The MARSEC project [Roach et al. (1993)] is based on the Spoken English Corpus [Knowles et al. (1995)], a corpus of British English that at the time was not time-aligned. The MARSEC project time-aligns the prosodic annotations,   the orthographic words , the grammatical tag of each word, and individual segments. The type of prosodic annotation  used is the ``tonetic stress mark '' type of system. Several types of accent  are recognised: low fall, high fall, low rise, high rise, low fall-rise, high fall-rise, low rise-fall, high rise-fall, low level, and high level. These may occur either on nuclear or on non-nuclear accented syllables . In addition, there is a distinction between major and minor tone-unit boundaries, and there is provision for ``markedly higher'' or ``markedly lower'' in perceived pitch . The tonetic stress mark type of system has been used for many years, and has been applied to many languages apart from English (the same is not true of the ToBI  system). However, no extensive attempts have yet been made to apply it in the field of speech technology.

The Spoken English Corpus comprises over fifty thousand words of broadcast British English in various styles, mostly monologues . Two transcribers prosodically annotated it in an auditory fashion, with no access to the F0   curve. They each transcribed half the corpus, but each also independently transcribed certain passages known as ``overlap'' passages, the purpose of which was to check on inter-transcriber consistency. Analysis of the overlap passages reveals that the consistency is fairly good, certainly in the case of major aspects such as location of accents  and direction of pitch movement   [Knowles & Alderson (1995)]. This result is especially encouraging in view of the fact that the transcription system used contains far more phonetic detail than does the ToBI  system.    

The IPO approach

 

The phonetically-based analysis of intonation  used at IPO ['t Hart et al. (1990)] has the advantage of having proved its usefulness for more than one language, and of having been successfully applied in the field of speech synthesis  (neither of these considerations apply to the ToBI  system). The analysis proceeds by modelling F0  curves in terms of straight lines that have been experimentally proved to be perceptually indistinguishable from the original (``close-copy stylisations''). This type of representation is then further simplified into ``standardised stylisations'' in terms of a small set of available contours for a given language. This type of representation has been experimentally proved to be distinguishable from the original on close listening, but yet not functionally any different from the original (i.e. the standardised stylisation is linguistically equivalent).

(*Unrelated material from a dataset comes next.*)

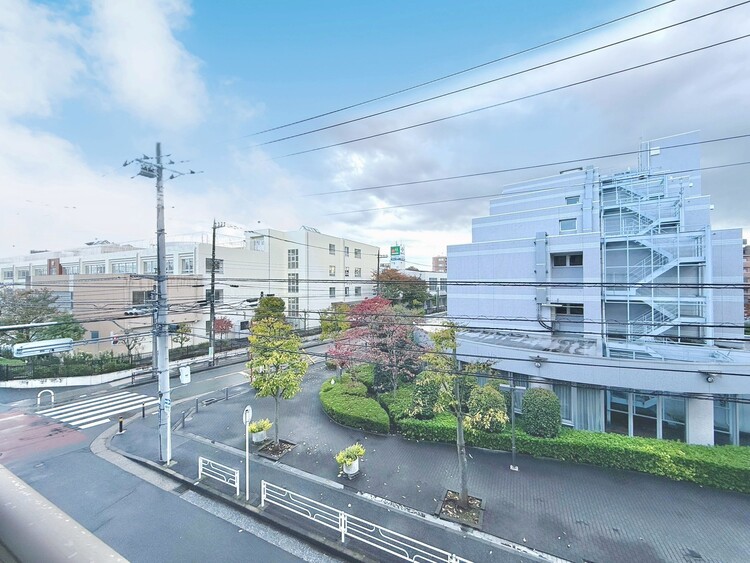 その他 眺望や窓からの景色が良いと、家で過ごす時間も快適です。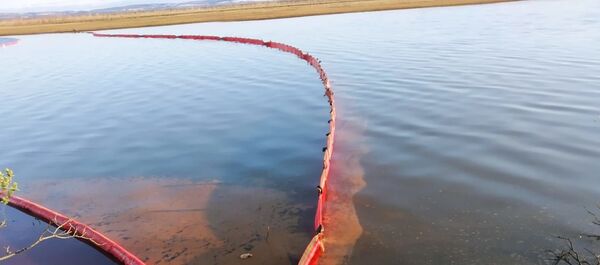 Ликвидация нефтяного пятна в устье реки Амбарная - 俄羅斯衛星通訊社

In the case of Dutch, there are ten basic pitch movements    (the model has also been applied to British English, German and Russian). These are the five falls and five rises, varying along the parameters of syllable  position, rate of pitch  change, and size of pitch  excursion. These ten pitch movements   are grouped into ``pitch configurations'' (of one or two pitch movements each). The pitch configurations are classified into prefixes , roots  and suffixes . Sequences of pitch  configurations are grouped into valid ``pitch contours'', which in turn are grouped into melodic families or ``intonation patterns''   (of which there are six in Dutch). These groupings are experimentally verified by listeners. The units of this analysis, at all levels, are based on speech corpora of spontaneous  and semi-spontaneous  utterances in Dutch. In contrast to the ToBI  and MARSEC systems , comparatively little effort has been put into checking inter-transcriber consistency, possibly because the detection and labelling  of this kind of phonetic unit is less problematic.  

Prosodic labelling in the VERBMOBIL project

   

In the VERBMOBIL project, a large database of German spontaneous speech   is being recorded at Munich, Bonn, Kiel and Karlsruhe. It covers a variety of different German speaking styles . Part of these data are being prosodically labelled at IPDS Kiel according to the VERBMOBIL  prosodic conventions PROLAB [Kohler et al. (1995)]. Another section of the corpus is being processed at Braunschweig University according to an adapted ToBI  system, along the following guidelines:

  1. The data should be usable by several project partners for a variety of purposes. Therefore the inventory of labels was designed at several workshops held with potential users of the data.
  2. It is necessary to use transcribers with little experience in prosodic labelling, in order to transcribe the amount of data needed for the training  of statistical speech recognisers .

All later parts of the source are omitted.